Other Guitars

56 Goldtop project.


I've always liked Goldtops & have owned several over the years but I've been GASing for a vintage style P90/B7, so I thought I'd have a go at converting a 2013 Studio. I've always thought Studios play & sound pretty good but look a bit odd. I bought one for £380 on the day we left the EU, yikes, I didn't see that coming. I'm sure you all know what they look like but here's the starting point.


So, strip her down & have a look. First impression is that the top curve is much closer to a 50s than my 2002 Std, which is too tall. BTW it's a 50s Tribute, cos I prefer a fuller neck profile.


The P90s were mounted on a threaded metal base, which is screwed into the wood, that will have to go, I want it as vintage correct as I can, within reason (& budget) so I'll fill those holes.


OK, let's make some sawdust. I'm putting a Bigsby on, so the TP lugs will go. That means I have to earth it to the bridge posts. I need a hole from the control cavity to the post holes.


The headstock needs re-shaping to make it more vintage correct. I don't have a 50s GT or Burst to copy but I do have a couple of Juniors, a '56 & a '59, so I made a tracing of both (they're different of course) & took an average shape that looked right to my eye. I left the curve on the long sides the same, as I need the tuner holes to be the same distance from the edge. I just used a step router blade that I use for binding to take about 1 mm off. I did half, then flipped it over to do the other half.

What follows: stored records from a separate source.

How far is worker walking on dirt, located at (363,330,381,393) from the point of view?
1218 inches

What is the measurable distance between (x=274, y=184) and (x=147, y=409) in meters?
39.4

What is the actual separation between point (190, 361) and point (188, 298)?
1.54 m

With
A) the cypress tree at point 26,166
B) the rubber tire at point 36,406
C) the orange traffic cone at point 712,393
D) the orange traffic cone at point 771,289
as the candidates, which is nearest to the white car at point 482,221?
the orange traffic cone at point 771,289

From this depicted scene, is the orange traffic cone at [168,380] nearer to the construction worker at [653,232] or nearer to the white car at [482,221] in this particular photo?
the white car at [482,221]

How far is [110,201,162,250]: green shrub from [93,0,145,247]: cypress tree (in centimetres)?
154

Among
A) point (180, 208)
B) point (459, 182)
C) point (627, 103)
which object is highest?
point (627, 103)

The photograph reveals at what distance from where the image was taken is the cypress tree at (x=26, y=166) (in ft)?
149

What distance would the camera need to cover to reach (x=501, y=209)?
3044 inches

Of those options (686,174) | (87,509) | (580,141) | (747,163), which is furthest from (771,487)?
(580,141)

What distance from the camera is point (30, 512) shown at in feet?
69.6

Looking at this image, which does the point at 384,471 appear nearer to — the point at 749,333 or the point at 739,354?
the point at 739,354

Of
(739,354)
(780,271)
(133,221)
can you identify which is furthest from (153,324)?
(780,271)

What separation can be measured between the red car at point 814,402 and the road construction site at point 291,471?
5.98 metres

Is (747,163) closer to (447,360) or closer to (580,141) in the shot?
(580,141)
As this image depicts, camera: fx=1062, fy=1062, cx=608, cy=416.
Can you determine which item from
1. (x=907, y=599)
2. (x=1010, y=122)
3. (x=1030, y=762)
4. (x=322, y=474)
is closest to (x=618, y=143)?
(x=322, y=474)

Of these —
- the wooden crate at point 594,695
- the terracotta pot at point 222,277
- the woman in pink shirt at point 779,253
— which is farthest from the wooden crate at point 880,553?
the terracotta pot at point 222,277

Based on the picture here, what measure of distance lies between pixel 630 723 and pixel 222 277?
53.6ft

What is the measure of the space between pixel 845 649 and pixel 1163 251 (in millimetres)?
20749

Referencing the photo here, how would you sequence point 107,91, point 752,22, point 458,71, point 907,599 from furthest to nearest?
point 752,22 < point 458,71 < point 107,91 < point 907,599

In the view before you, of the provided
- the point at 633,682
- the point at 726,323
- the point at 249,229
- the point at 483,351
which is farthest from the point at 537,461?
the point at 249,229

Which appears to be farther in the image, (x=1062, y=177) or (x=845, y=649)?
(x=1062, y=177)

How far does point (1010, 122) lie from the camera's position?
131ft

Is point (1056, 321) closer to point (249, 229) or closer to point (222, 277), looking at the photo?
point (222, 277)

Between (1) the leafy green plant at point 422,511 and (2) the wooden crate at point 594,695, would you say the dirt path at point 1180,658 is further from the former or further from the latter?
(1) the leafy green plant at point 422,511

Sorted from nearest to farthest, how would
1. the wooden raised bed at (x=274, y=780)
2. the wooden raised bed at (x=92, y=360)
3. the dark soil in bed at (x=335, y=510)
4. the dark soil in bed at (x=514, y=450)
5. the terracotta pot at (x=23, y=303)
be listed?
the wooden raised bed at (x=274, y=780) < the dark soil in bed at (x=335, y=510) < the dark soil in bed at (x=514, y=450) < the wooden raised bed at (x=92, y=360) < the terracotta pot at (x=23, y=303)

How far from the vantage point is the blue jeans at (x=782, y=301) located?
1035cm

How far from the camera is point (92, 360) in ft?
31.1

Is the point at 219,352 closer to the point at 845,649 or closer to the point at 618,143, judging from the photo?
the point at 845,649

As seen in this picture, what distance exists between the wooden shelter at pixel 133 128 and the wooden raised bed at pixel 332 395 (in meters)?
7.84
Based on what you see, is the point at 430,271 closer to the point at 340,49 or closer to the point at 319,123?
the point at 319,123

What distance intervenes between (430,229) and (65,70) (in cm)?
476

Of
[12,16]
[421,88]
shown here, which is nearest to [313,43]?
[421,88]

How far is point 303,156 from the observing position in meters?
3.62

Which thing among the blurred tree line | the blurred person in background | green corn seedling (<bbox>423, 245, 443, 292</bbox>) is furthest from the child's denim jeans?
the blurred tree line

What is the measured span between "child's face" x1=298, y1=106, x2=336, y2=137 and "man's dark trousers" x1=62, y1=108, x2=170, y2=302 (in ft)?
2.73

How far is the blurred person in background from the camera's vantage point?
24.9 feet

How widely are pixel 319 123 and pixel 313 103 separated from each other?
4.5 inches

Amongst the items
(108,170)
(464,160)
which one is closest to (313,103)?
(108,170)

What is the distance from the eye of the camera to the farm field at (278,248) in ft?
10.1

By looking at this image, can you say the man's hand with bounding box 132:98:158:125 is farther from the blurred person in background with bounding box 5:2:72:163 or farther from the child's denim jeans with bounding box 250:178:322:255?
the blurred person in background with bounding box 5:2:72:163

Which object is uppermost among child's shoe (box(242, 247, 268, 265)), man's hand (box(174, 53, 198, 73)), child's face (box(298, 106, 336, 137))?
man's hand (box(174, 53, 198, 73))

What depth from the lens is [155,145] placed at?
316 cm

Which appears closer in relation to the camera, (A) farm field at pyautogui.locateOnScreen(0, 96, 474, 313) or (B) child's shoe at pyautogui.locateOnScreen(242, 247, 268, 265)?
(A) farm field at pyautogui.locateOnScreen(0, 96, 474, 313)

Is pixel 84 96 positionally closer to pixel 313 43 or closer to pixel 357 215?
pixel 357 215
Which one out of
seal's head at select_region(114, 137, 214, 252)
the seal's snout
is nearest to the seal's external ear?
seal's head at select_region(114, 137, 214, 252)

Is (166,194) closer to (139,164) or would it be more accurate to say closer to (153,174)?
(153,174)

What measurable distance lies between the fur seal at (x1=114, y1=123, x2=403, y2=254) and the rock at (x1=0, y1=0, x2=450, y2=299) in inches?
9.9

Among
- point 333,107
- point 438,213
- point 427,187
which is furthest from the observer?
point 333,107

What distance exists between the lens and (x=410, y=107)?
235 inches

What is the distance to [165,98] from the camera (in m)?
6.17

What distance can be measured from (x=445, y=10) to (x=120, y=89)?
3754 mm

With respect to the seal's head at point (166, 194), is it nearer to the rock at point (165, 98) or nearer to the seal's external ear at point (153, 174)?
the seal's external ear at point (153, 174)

I used a drum sander bit in the pillar drill to shape the end. goldtop 005


Time to strip the finish. I use a heat gun & scraper. At least I didn't need to worry about melting the binding. Once stripped I have to remove the 'board, to install binding. Steam iron & kitchen knife.goldtop1 001


'Board off. I was thinking about pin holes through the fret slots to keep it from sliding about when I glue it back on, however it has small plastic locater lugs, which saves me a job.goldtop1 002


Regarding binding, I don't like the colour of the Stewmac one, which is a shame as I have Stewmac router bits to match the size. I used Rothko & Frost, here in the UK, as the colour looks more vintage correct to me. However the size is a bit out of whack, so I need to rout it to size.goldtop1 003


I have to remove the frets, a first for me.goldtop2 001


This is great so far, but then again, I'm better at destroying things than making them right.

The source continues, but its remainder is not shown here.